Every record below should be written out exactly; pictures stay out.

┌─ The data

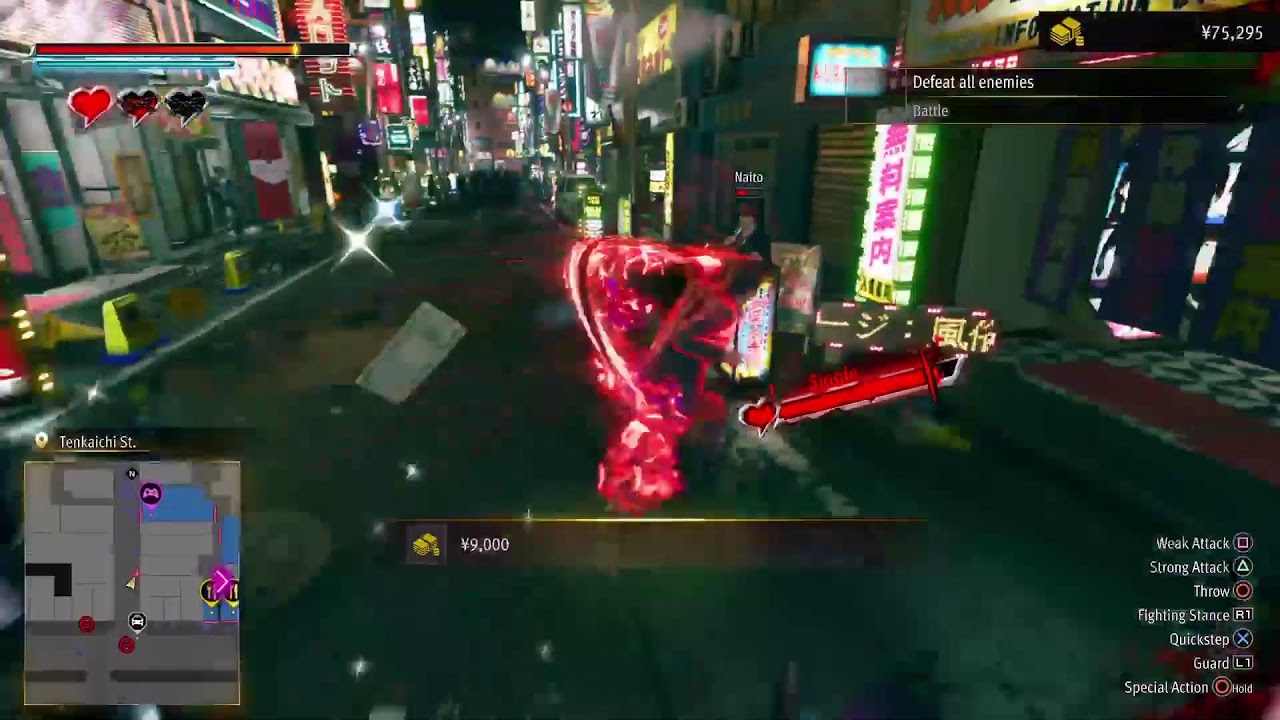 YAKUZA dark ties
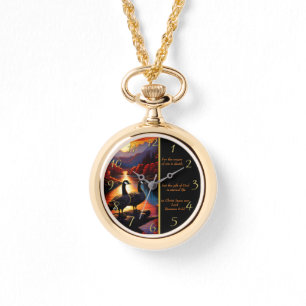 Römer 6:23 Weiße Kirche Gold Armbanduhr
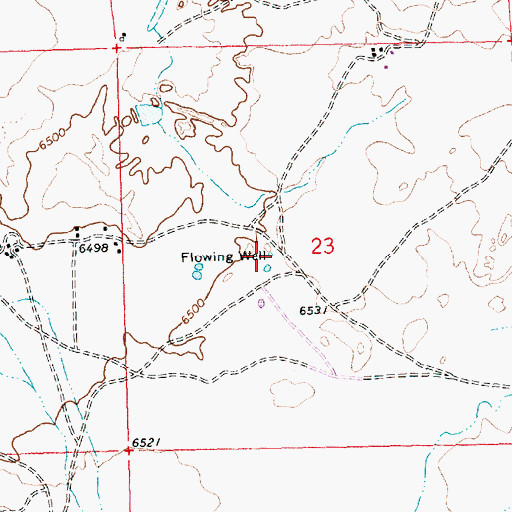Topographic Map of 15T-516 Water Well, NM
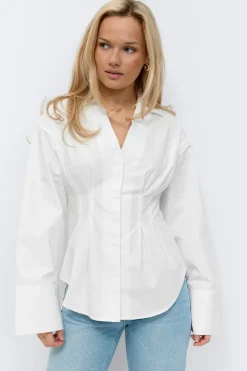 Gina Tricot Shaped shirt Wit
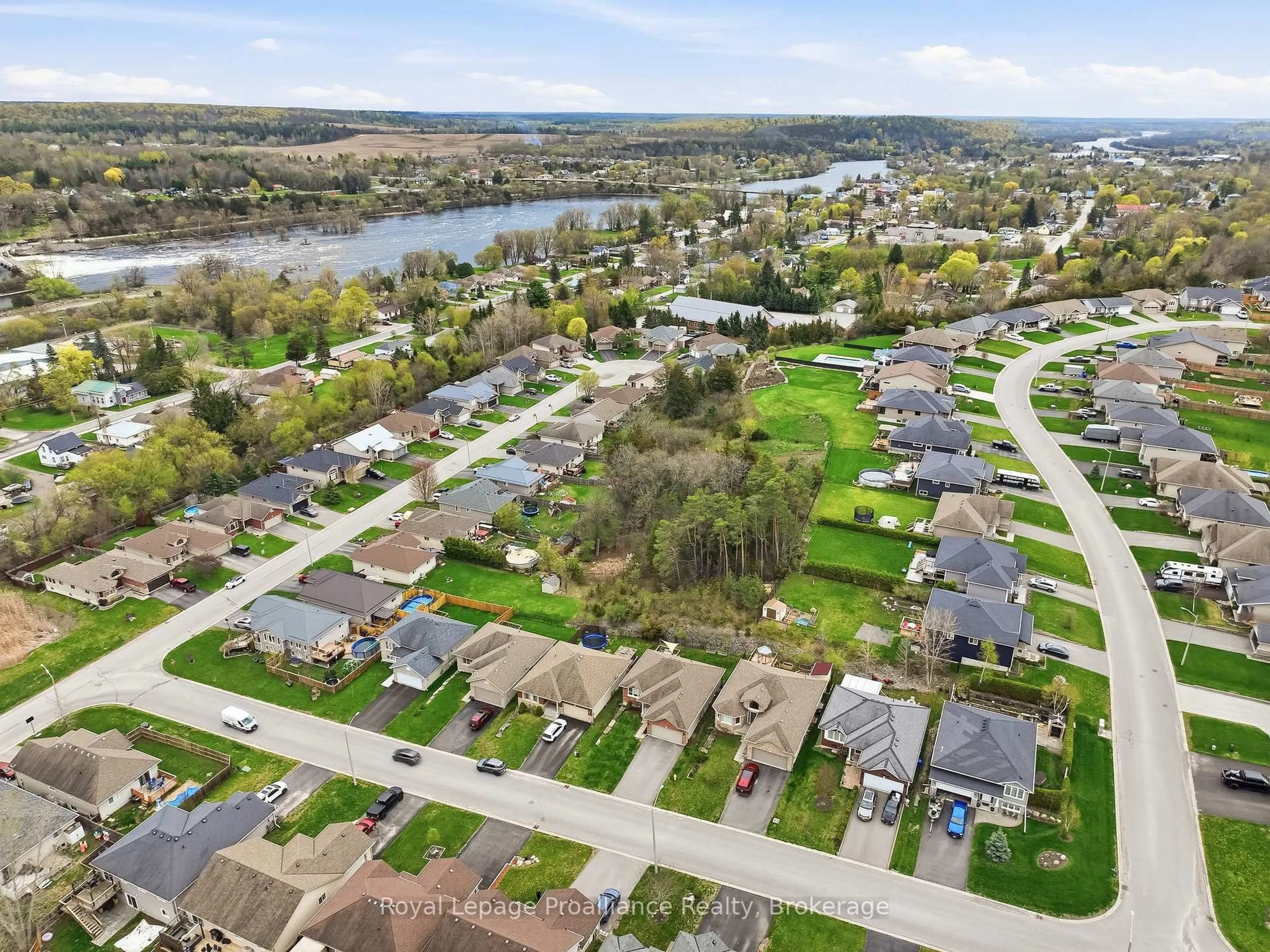 A pic from outside/outdoor area/front of a property/back of a property/a pic from drone, water/lake/river/ocean view for 9 Mitchell Dr, Hastings Ontario K0K 2C0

└─

-- Response --
 YAKUZA dark ties
 Römer 6:23 Weiße Kirche Gold Armbanduhr
Topographic Map of 15T-516 Water Well, NM
 Gina Tricot Shaped shirt Wit
 A pic from outside/outdoor area/front of a property/back of a property/a pic from drone, water/lake/river/ocean view for 9 Mitchell Dr, Hastings Ontario K0K 2C0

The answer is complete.